A Life of My Own - 5

by J. Mykell Collinz

I'm in love with the teaching assistant who works for my writing tutor. His name is Patrick. He's big and slow and he acts dumb but he's really smart. He doesn't care what people think. He stopped taking his medication, too. When I told him I smoke marijuana instead of taking my medication, he just laughed. He won't admit he smokes. He probably thinks I'd tell. I wouldn't, of course.


His spiritual beliefs are very strange. Something metaphysical is going on in this universe, that much I can agree with, but angels and demons and geniuses gone haywire controlled by evil forces, I've never given that much thought.


Patrick lives with an older man, a defrocked Catholic priest. They belong to a secret sectarian group that communicates with angels. Their prayers help to combat demons, they believe. Some members have special powers and claim angels give them names of important people, people under the control of evil demons whose influence must be negated at all cost if humanity is to survive into the future and achieve its ultimate potential. After meditating on this I conclude there might be something to it. From a metaphorical perspective if nothing else.

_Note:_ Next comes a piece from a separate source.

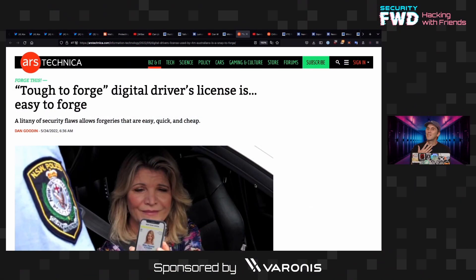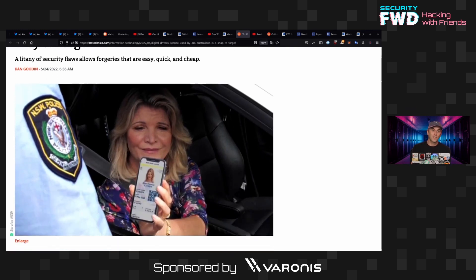Let's talk about driver's licenses. If a police officer pulls you over, it's generally considered to be not a great idea to hand them your fully unlocked phone for a variety of reasons — lots and lots of them, actually. So what would you do if I told you that it is now acceptable in Australia to just hand over your unlocked phone with a version of your driver's license on it?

Dante's 'Divine Comedy' and Milton's 'Paradise Lost' are on Patrick's suggested reading list. To satisfy my need for immediate gratification, I search the Internet for a quick synopsis. Art works depicting scenes from these epic tales inspire me to visualize Patrick's interior world. If I'm not careful I could get lost, I realize. Yet, to be a writer, I must take risks. I have an intuitive impression of Patrick as an assassin. And if he's not an assassin, I'm wondering why. I can see his fictional character clearly in my imagination. Maybe the story is too real. Rather than write it, I should just join him and do it.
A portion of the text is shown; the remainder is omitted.